The Big Blackfoot is classic Montana water

Clear, cold, and unimpeded by dams for its entire 132 mile length, the river winds through three canyons, past red rock cliffs and mountains, and alongside wildflower-laden meadows and prairies.

The Blackfoot valley forms the southern boundary of the Crown of The Continent, a fully intact ecosystem still containing every species of fauna that was here before the first European explorers arrived on the scene — one of only twelve such ecosystems left on earth.

Wildlife rare to other regions abounds here. Grizzlies, elk, bighorn sheep, cougar, lynx, wolf and deer all call its valley home. Bald and golden eagles regularly patrol the air space above.

The area is rich in history, both ancient and recent. The great Glacial Lake Missoula floods of 12,000 years ago helped carve the many red rock cliffs found in the area as well as the rolling boulder-strewn native grassland valley floor. For many centuries, the valley was traversed by the Kokalahishkit trail, heavily used by many western tribes to reach the vast buffalo herds to the east. Traces of the Indians’ travois tracks can still be found in the area.

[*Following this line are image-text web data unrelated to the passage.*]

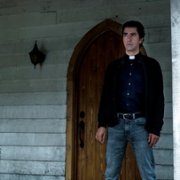 Midnight Mass - galeria zdjęć - filmweb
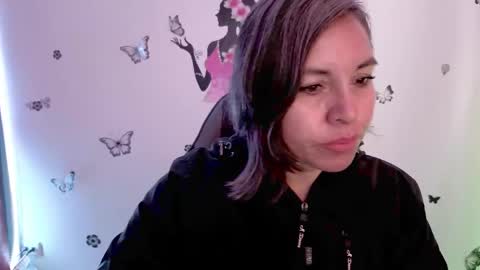 Snapshot of rebbeca09 chatting on April 21, 2026, 12:44 pm Rebbeca online show from April 21, 2026, 12:44 pm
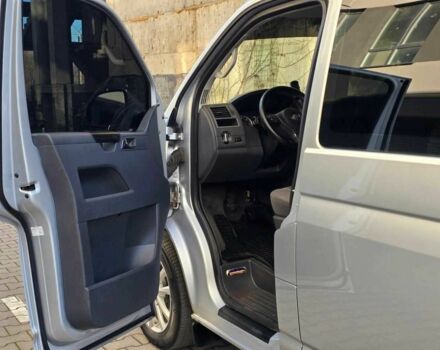 Серый Фольксваген Мультиван, объемом двигателя 1.97 л и пробегом 235 тыс. км за 19499 $, фото 4 на Automoto.ua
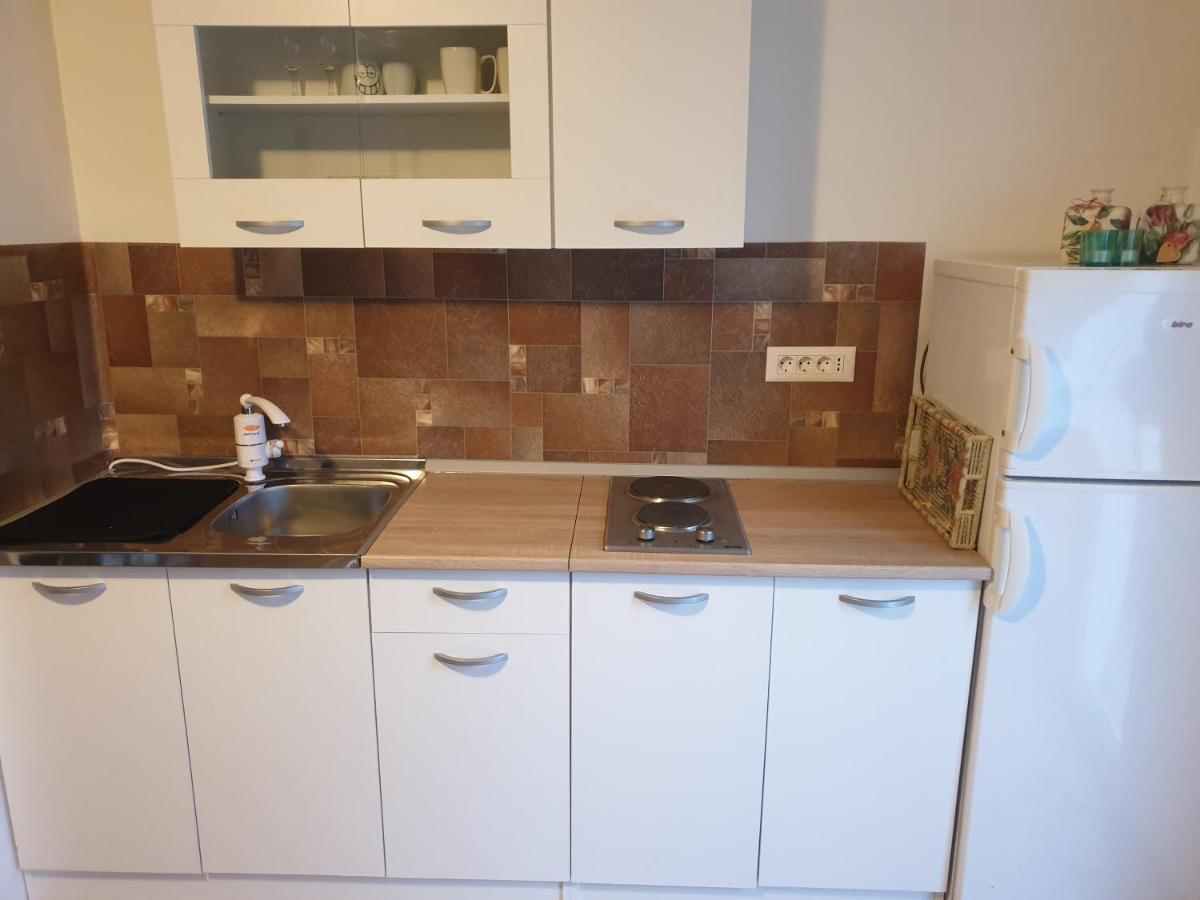 Vila Lena Meduvrsje Luaran gambar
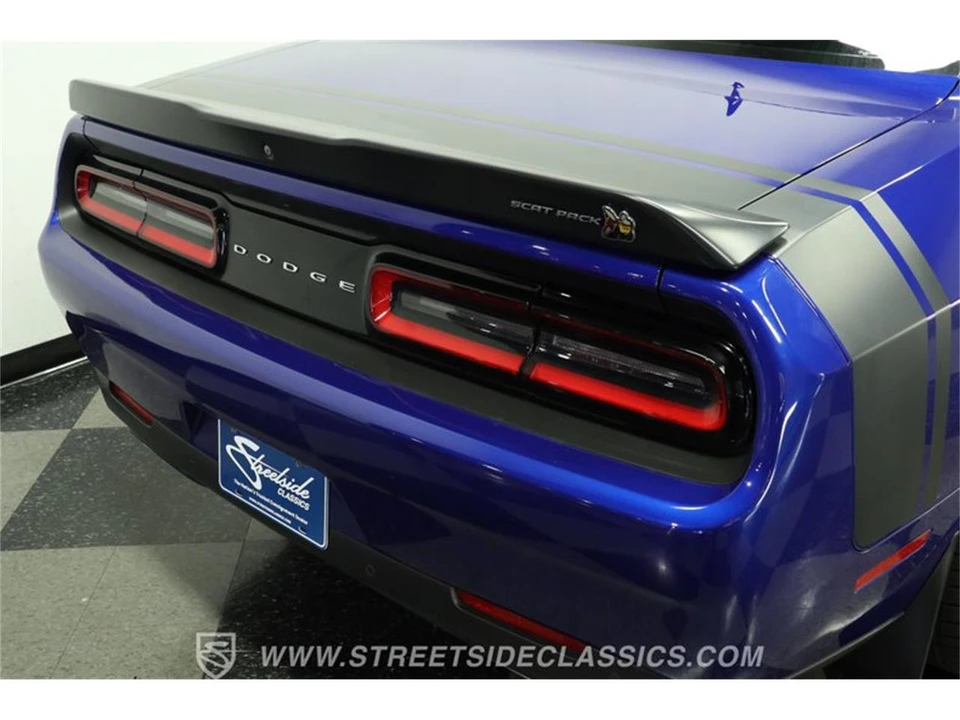 2022 Dodge Challenger 3rd Gen - Image 25 of 31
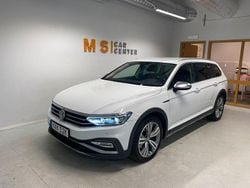 Vit Begagnad 2020 VW Passat Alltrack Kombi | 209 700 kr (Marknadspris)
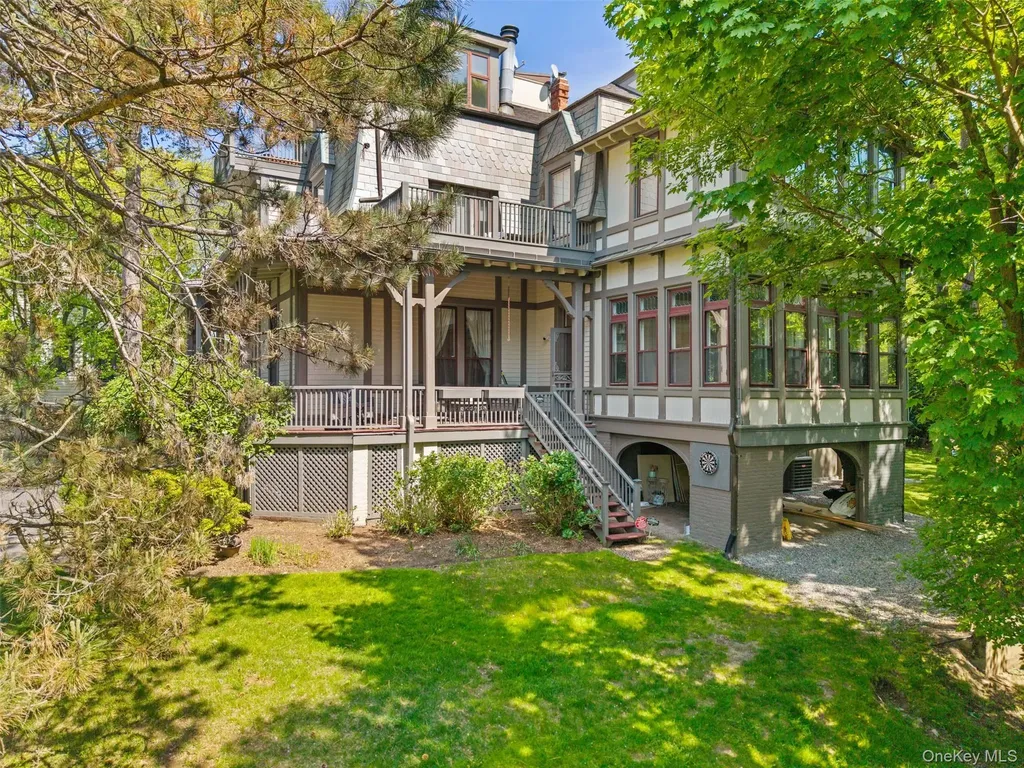 12C Clinton Avenue Dobbs Ferry NY 10522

Two centuries ago, Meriwether Lewis followed this trail as his “Voyage of Discovery” — the Lewis and Clark Expedition — made its return trip to St. Louis. Starting on July 4, 1806, Lewis and his band spent four days in the valley, camping on its banks, hunting in its meadows. The vista onto which they gazed during that time has changed little in the intervening two centuries. Meriwether was sufficiently impressed to sketch the rock pictured here into his journal while resting at the mouth of the Clearwater River, a major Big Blackfoot tributary.

It was another twenty years before the next European saw the river when the legendary mountain man Jim Bridger spent the summer of 1826 in the Blackfoot valley, trapping beaver while somehow avoiding the loss of his topknot to the equally legendary and fierce Blackfeet Indians.